Dwells on the idea of bringing human annotation and automated methods together for music transcription. In other words, how can a non-specialist carry out music transcription with careful task interaction using AI automated methods. Among 144 workers that executed tasks in MTurk, those with formal knowledge in music were rare. Audio extracts of target music scores were offered to increase performance, especially for short segments of one or two measures. For longer segments, audio extracts have shown better results against textual measures, but a combination of the two was used as more preferable.
This research came as a fruit of a current need for digital archiving and digitalisation of music for the University Library of Regensburg. It evaluates if the existing SOTA deep learning architecture is able to recognise handwritten monophonic scores for the purpose of digitalisation. Based on existing work, the architecture includes two neural networks: a stave recognition network using autoencoders and an end-to-end note recognition using recurrent convolutional networks. One limitation mentioned is the amount of annotated data available for this research.
We were also part of this workshop presenting our work in our newly published dataset DoReMi. We presented some of the challenges the lack of a well-annotated, that supports more than one stage of OMR poses and how DoReMi moves closer to such dataset. Furthermore, statistics on the dataset and baseline experiments on object detection using Faster R-CNN models.

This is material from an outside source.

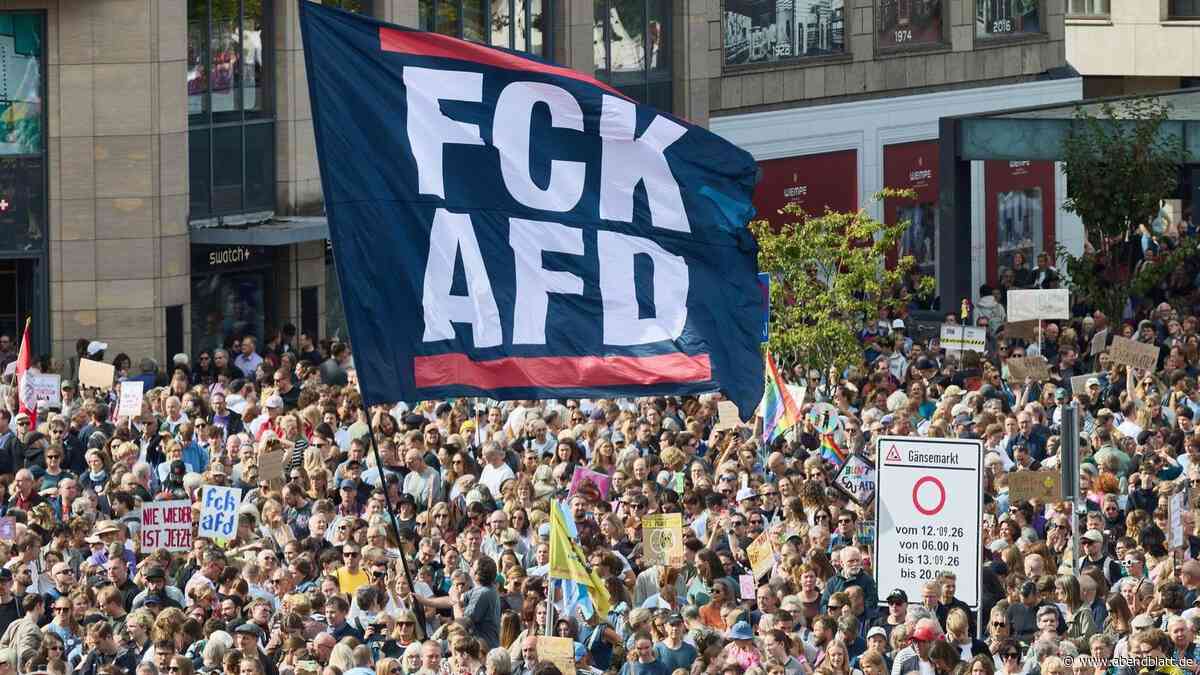 „Es ist 5 vor 1933“: Veranstalter sprechen von 25.000 Teilnehmern bei Anti-AfD-Demo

Pacha presented some focused research he is currently conducting at enote in recognising and reconstructing the digit elements in sheet music. He shows the main challenges posed by the ambiguity of the variations in their classes, their contextual nature and more computer vision issues. He then shows the results in using deep learning to recognise digits. The network was trained in synthetic samples and achieved a validation accuracy of 95%, which does not live it up in real-world scores. To address it was fine tunned on 7000 manually annotated real scores, but yet again, accuracy does not reach 60%. In the end, this opened up a long discussion in the workshop on why does this happen and the ways to tackle it.
This paper investigates strategies of detecting measures, staves and system measures using machine learning. That is to aid the detection of structural elements as a basis for an OMR system. A neural network is trained in handwritten music scores to generate annotations for typeset music. Detectron2 was used as a framework and Faster R-CNNs as a model to predict the bounding boxes in images. The datasets used for training were MUSCIMA++ and AudioLabs datasets. They applied the model in three settings: single class models (system measures, stave measures, staves), two class models (system measures & staves) and three class models (system measures & stave measures & staves). The first setting is performing best. However, considering that that model lacks diversity, it might not work well for every kind of sheet music.
Given the lack of large training annotated set, this study suggests using Domain Adaptation (DA) based on adversarial training. The propose combining DA and Selectional Auto-Encoders for unsupervised document analysis. They utilise three corpora manually labelled for the layers: SALZINNES, EINSIEDELN and CAPITAN, and using F-score as an evaluation metric. Results obtained show the proposed method slightly improves state-of-the-art, but such adaptation should not be carried out in every type of layer.
This paper draws attention to Optical Music Recognition (OMR) and Automatic Music Transcription (AMT) similarities and exploits them to assist each field. The paper presents a proof-of-concept that combines end-to-end AMT and OMR systems predictions over a set of monophonic scores. Using Symbol Error Rate (SER), they show that a fusion model of the two can slightly improve the error rate in OMR.
This study proposes to address the lack of large training sets with a sequential classification-based approach for music scores. That is by predicting the symbol locations and their respective music-notation label using Convolutional Neural Networks (CNN).
This work focuses on the last stage of OMR, encoding, where outputs from images are converted to a score encoding format. The paper investigates the implementations of recognition pipelines that use Machine Translation to do the encoding.